» **What you need to do**: The lines below, from the one holding "Семена газонной травы" through the final line, are to be copied exactly, with no other lines and no pictures.

» **Information given**:
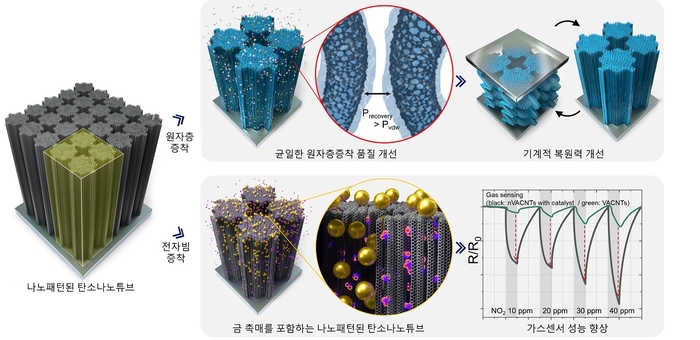 나노패턴된 탄소나노튜브의원자 침투성 개선 전략 및 응용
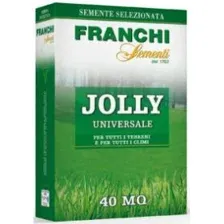 Семена газонной травы Franchi Sementi Веселый луг, 1кг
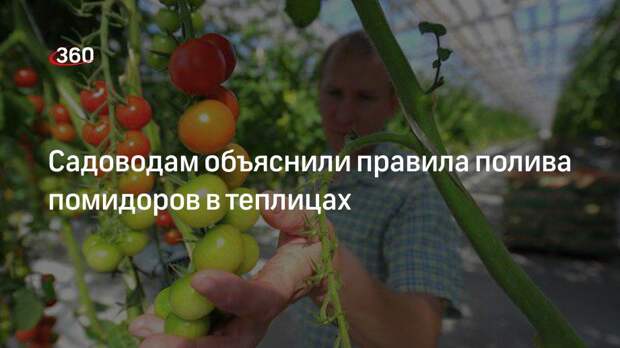 Агроном Володихин объяснил правила полива помидоров в теплицах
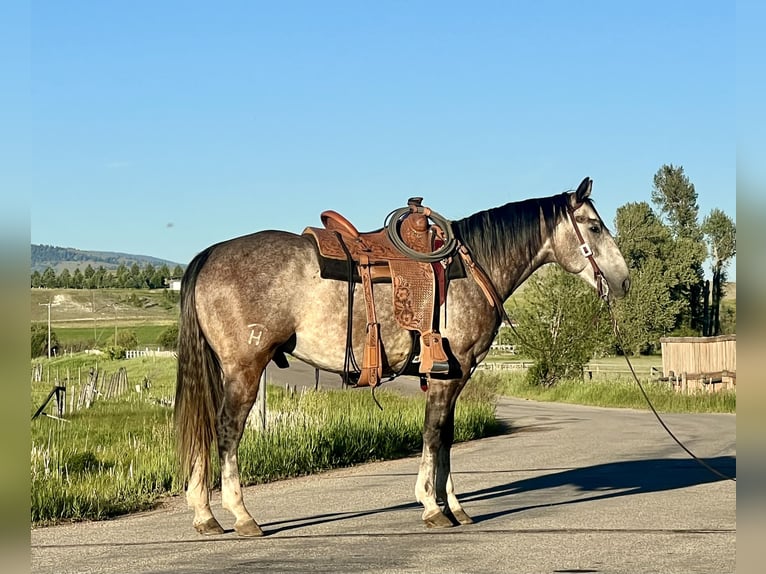 American Quarter Horse Wałach 4 lat 157 cm Siwa in Drummond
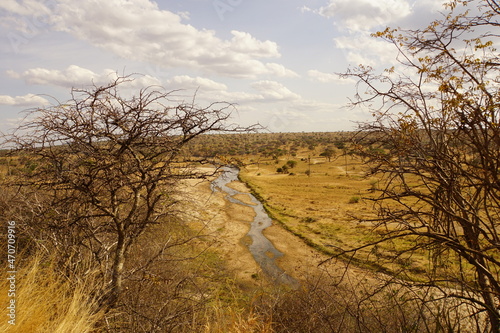 Die wunderschöne Natur in Afrika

» **Response**:
 Семена газонной травы Franchi Sementi Веселый луг, 1кг
 Агроном Володихин объяснил правила полива помидоров в теплицах
 American Quarter Horse Wałach 4 lat 157 cm Siwa in Drummond
 Die wunderschöne Natur in Afrika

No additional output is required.